The relative data and evidences shown in the following analysis will illustrate the effectiveness of the current structure model of Coca Cola and how managers of Coca Cola applied the hybrid structure to manage the subsidiaries in different regions efficiently and the strategy of decentralization to reduce the management cost and improve autonomy of these different departments. Furthermore, Coca Cola values its unique organizational culture and has set different mission, vision and values to guide the organization, the segments, and its teams.

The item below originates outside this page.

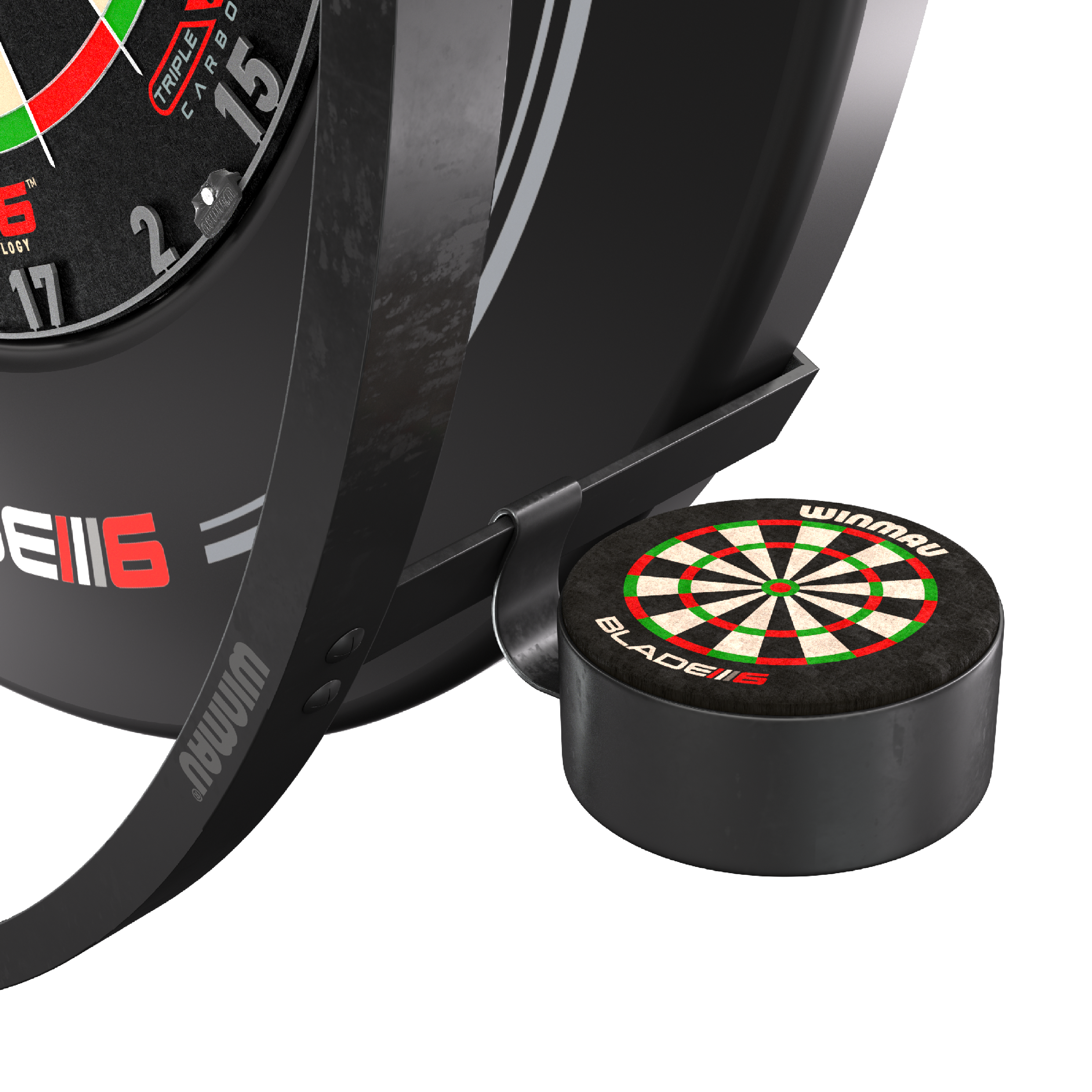 Juego de accesorios de plasma Winmau Das Bild zeigt das Winmau Plasma Zubehör Set für Dartscheiben. Zu sehen sind Teile des Zubehörs sowie ein Element mit einem aufgedruckten Dartboard-Design.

These invisible forces have been serving as the “Roadmap” for the company to achieve the long-term goals. In the second part of the report of the company culture, facts and stories mentioned would give examples and interpret how the “liability of a strong culture” could impact Coca Cola’s competitiveness and why it is so important for Coca Cola to understand customers’ needs in order to introduce more customer-orientated organizational culture rather than outcome-oriented culture. Organizational Structure
Coca Cola is a typical complex organization by having seven operative units in geographic areas around the world, six functional departments being responsible for different tasks and a diversified labor force from different nations. Additionally, a combined characteristic of Mechanism and Organism is also one of most representative features of complexity. Under this structure, employees can not only improve their performance to the maximum level, but they also help the company expand global market and adapt the changing environment.
The Coca Cola Company currently employs approximately 139,600 employees (Anonymous, 2010). According to a general organizational chart stemmed from the company’s website, the division of labor is based on diverse job designs which exist specific rules and regulations to direct employees and managers. There are at least 5 hierarchical levels in the corporate. At each level, for instance, one regional director supervises about 10 subordinates on average; therefore, the p of control is fairly wide.
And based on the information of its website, the geographic regions are broken down into the diverse units that are located round the world, which are mainly North America, Middle East, Asia, Europe, Eurasia, Latin America and finally Africa. And then, each subunit has its own organizational structure based on functional departmentalization. For example, in North America, its major departments are marketing, finance, and packaging, sales, and research and development administration.
In addition to that, in terms of the division of the authority, originally, the company has a more centralized structure, which the decision is mainly made by a high-level management, and the communication is restricted due to the hierarchy of the authority. However, as Coca Cola encounters uncertain environments when it expands of its business, the organization realizes that it must meet the changing demands of its customers to win their business.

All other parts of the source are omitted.